_YOUR GOAL_
From the entries below, output the line with "Een groep daktenten" and each following line up to and including the line with "24119 Blue Crest", exactly as written.

_GIVEN DATA_
_____

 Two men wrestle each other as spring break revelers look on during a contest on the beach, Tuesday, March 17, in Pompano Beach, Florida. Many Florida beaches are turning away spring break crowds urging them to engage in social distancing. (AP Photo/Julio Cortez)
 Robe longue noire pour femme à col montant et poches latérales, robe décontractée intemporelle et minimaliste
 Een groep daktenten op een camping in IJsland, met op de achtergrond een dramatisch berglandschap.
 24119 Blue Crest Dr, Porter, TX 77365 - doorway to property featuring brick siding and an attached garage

_____

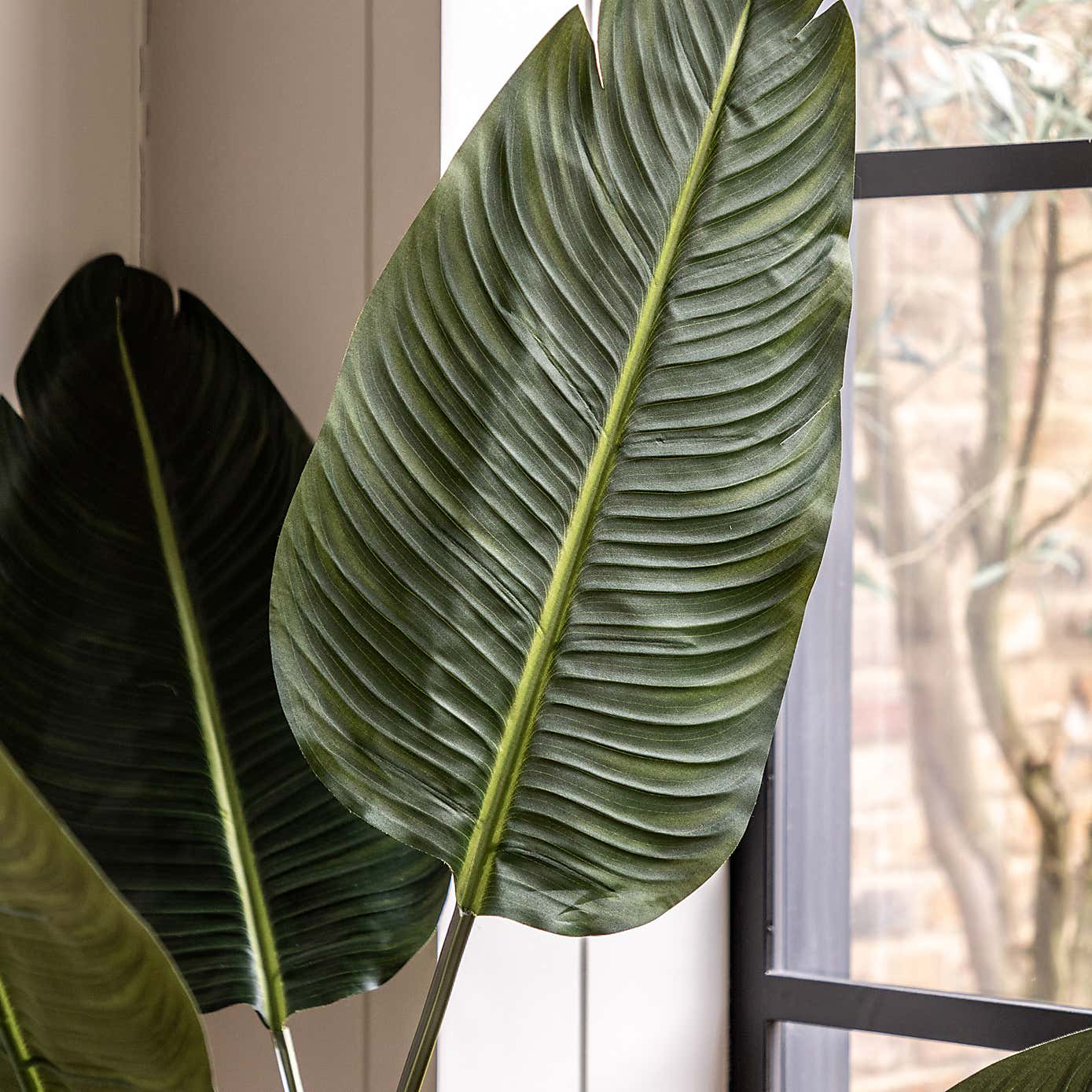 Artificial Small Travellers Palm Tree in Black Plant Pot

_____

_ANSWER TO THIS EXERCISE_
 Een groep daktenten op een camping in IJsland, met op de achtergrond een dramatisch berglandschap.
 24119 Blue Crest Dr, Porter, TX 77365 - doorway to property featuring brick siding and an attached garage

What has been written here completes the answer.